Oxford Economics found that while people living in London made a £1741 contribution to public finances, those in Northern Ireland received £3723 each, the highest "subsidy" in the UK. The annual "subvention" - the difference between taxes raised and public spending - is between £5 billion and £6 billion.
Moore says: "The problem with this is incentives - it creates dependency and reliance on the public sector." Official statistics indicate that Northern Ireland's economic performance lags that of the rest of the UK. On productivity, Northern Ireland scores 80 (the UK as a whole is 100). Only Wales (78) and the northeast (79) score lower. Gudgin says: "There are low costs and low wages, and Northern Ireland has the lowest household incomes in the UK."
However, the economy has been growing faster than most UK regions, partly due to a high birth rate, which helps keep the pool of labour high but also holds down wages.
The boom in call centres is an indication of inward investment into the service sector. Official statistics show that while inward investment since 1998 has stayed similar to before the Good Friday Agreement, there has been a shift away from manufacturing and towards services.

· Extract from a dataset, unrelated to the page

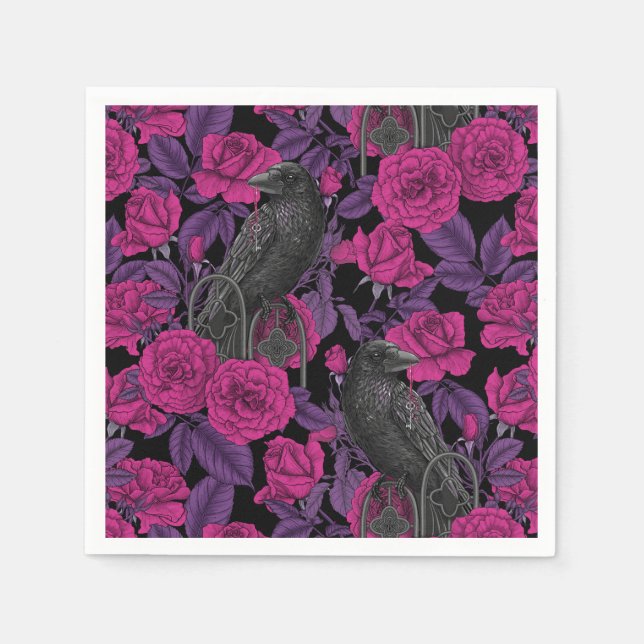 Ravens and pink roses napkin (Front)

With emigration a historic problem, job creation remains vital. Over the past 10 years employment has grown by 16.4 per cent, compared with 9.2 per cent for the UK as a whole. According to Smyth it is vital to upgrade these jobs, both to attract immigration and keep Northern Ireland's graduates in the province.
Here, he says, it should look south: "The education system in the Republic has been geared around the needs of the kinds of companies that are investing there. We need to do the same."
Indeed, despite many obstacles, not least currency and politics, many see closer alignment and stronger ties with the south as the way forward. Peter Hain says that with the south overheating, there are opportunities for the north.
There is clear evidence already in the property market. Moore says: "Convergence [with the UK] does not explain all of the rise. The Republic has seen massive house price growth and commuters have pushed further away from Dublin."
Hain says companies such as Citigroup have been attracted to Belfast by a high quality, relatively cheap workforce. A key move towards further integration would be to cut corporate tax to match the Republic.
Moore says: "Crossing the border from north to south is like going through Checkpoint Charlie from east to west Berlin in the Cold War." The north, he says, should be encouraging entrepreneurialism like the south.
Smyth says: "The most important thing for the economy is what you do with the tax rate." He says CBI calculations show that although there would be a short-term loss to the Treasury, in the long run subvention would fall by as much as two-thirds over the next decade with extra tax revenue from big business. Hain says harmonising corporation tax with the Republic cannot happen under European law, but tax credits for activities such as research and development are a greater stimulus in Northern Ireland than elsewhere. Meanwhile, the Chancellor, Gordon Brown, has announced a Northern Ireland tax review.
Another area where the north can learn from the south is infrastructure spending. The Republic has upgraded road and transport links using European and other funds, overtaking the north in the past two decades. Smyth says the Government has under-invested in Northern Ireland's infrastructure for years.
Spending has increased to £1.2 billion a year but the CBI believes it needs to run at £1.6 billion for the next 10 years.
Brown has talked of a £50 billion "peace dividend" for the province. If the peace holds he will not oversee this - it will fall to the politicians who agreed to share power last week.